Mais à quoi bon blâmer, au nom du goût, au nom du bon sens, l’entassement de tant de siècles dans une soirée ? Ceux qui découpent les annales de notre pays ne veulent que mettre à profit le talent du costumier, le talent du décorateur ; ils n’ont pas d’autre souci. C’est une spéculation heureuse, on le dit du moins, et la question, une fois placée sur ce terrain, échappe à toute discussion. Le public s’amuse ou se désennuie, les désœuvrés tuent le temps ; souhaiter quelque chose de plus serait se méprendre sur le but que les auteurs se proposent ; aussi je croirais perdre mon temps en essayant de pénétrer le sens de pareilles œuvres. Qu’elles soient applaudies ou qu’un prompt oubli vienne en faire justice, l’art dramatique n’a rien à voir dans leur succès ou dans leur chute.
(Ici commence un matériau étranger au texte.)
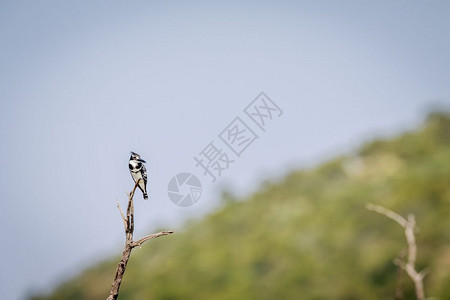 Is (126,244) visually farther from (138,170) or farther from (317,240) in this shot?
A: (317,240)

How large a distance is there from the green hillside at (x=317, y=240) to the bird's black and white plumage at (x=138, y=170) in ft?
89.1

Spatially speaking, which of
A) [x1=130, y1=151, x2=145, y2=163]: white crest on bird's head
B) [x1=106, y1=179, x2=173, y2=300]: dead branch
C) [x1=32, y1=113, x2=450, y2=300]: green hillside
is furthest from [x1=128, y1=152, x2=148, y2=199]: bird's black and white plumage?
[x1=32, y1=113, x2=450, y2=300]: green hillside

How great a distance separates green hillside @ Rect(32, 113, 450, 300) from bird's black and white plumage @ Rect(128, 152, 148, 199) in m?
27.2

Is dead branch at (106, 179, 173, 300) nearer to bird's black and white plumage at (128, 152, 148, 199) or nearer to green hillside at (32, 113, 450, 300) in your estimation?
bird's black and white plumage at (128, 152, 148, 199)

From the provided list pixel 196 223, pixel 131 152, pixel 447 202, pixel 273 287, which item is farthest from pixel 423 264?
pixel 196 223

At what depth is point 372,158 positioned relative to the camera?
5622 centimetres

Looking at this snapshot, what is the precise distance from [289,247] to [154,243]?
23.6 metres

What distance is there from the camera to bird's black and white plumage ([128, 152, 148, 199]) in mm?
6105

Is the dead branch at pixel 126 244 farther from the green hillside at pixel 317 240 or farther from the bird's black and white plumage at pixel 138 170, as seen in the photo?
the green hillside at pixel 317 240

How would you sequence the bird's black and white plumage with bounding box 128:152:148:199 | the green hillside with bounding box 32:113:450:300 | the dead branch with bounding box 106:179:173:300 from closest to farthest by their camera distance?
the dead branch with bounding box 106:179:173:300 → the bird's black and white plumage with bounding box 128:152:148:199 → the green hillside with bounding box 32:113:450:300

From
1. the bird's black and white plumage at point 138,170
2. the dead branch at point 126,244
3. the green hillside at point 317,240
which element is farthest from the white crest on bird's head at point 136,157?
the green hillside at point 317,240

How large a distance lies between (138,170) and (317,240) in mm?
41881

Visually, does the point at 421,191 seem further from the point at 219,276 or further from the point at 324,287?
the point at 219,276

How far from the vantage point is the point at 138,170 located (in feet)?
20.1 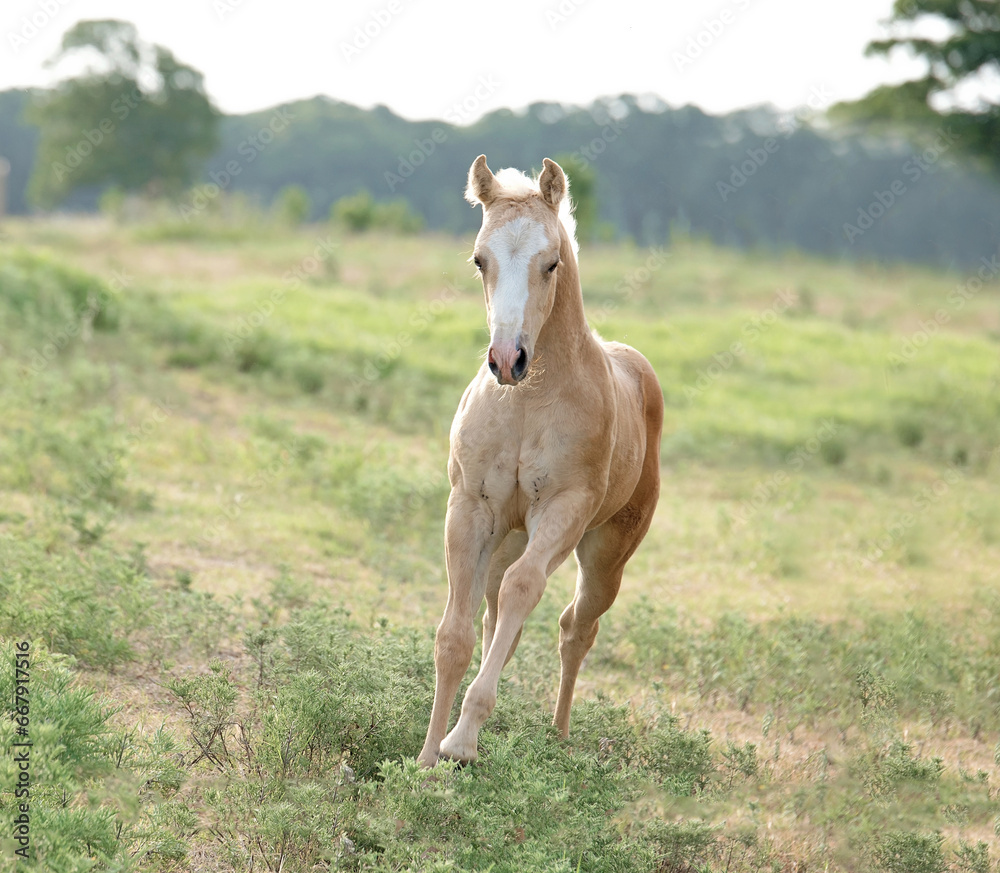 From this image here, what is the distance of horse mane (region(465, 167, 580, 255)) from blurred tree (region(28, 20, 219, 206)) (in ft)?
142

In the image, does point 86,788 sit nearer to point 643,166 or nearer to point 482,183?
point 482,183

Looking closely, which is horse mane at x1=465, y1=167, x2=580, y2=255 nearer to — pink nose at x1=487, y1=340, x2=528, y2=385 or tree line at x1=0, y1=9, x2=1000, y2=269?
pink nose at x1=487, y1=340, x2=528, y2=385

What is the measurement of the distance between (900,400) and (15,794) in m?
14.5

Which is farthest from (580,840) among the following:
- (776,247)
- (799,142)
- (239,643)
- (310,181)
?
(310,181)

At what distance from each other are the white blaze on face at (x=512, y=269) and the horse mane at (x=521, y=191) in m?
0.24

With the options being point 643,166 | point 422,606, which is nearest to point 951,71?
point 422,606

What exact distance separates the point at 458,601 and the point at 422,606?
9.87 feet

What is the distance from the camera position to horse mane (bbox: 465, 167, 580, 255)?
399 centimetres

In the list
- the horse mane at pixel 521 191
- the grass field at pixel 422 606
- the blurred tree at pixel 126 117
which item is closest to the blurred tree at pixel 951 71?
the grass field at pixel 422 606

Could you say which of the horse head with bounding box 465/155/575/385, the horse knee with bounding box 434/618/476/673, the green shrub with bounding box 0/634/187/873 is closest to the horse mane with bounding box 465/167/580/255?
the horse head with bounding box 465/155/575/385

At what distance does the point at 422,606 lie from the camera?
264 inches

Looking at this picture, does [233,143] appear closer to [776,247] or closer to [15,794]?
[776,247]

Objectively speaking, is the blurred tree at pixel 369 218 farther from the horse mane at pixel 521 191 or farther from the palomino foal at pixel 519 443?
the palomino foal at pixel 519 443

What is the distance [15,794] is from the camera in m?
2.97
J’espère que le public, à force de chercher le plaisir à tout prix. À force de sacrifier l’émotion à la curiosité, finira par tomber dans un profond ennui. Alors peut-être, et cette épreuve n’est pas éloignée, il comprendra la nécessité de demander au théâtre autre chose qu’un pur divertissement. Il abandonnera les pièces à grand spectacle et voudra remplacer le plaisir des yeux par l’attendrissement, par l’éveil de grandes pensées. Ce jour-là sans doute, il ne pourra se défendre d’une certaine confusion ; il prendra en pitié ses admirations de la veille, mais il aura fait un grand pas dans la voie du bon sens et de la vérité. Il ne faut pas s’abuser sur l’indifférence de la foule pour les questions littéraires, et je ne parle pas seulement des hommes que le travail de chaque jour prive de loisir et détourne impérieusement de ces questions : ceux mêmes à qui le loisir ne manque pas laissent échapper de singuliers aveux. Écoutez-les parler dans leurs momens d’abandon. Ils vous diront sans se faire prier que Cinna les ennuie, car Cinna les oblige à penser. Les Mousquetaires et Monte-Cristo, voilà des pièces amusantes. Pourquoi Corneille, qui avait tant de talent, n*a-t-il pas travaillé dans ce goût-là ?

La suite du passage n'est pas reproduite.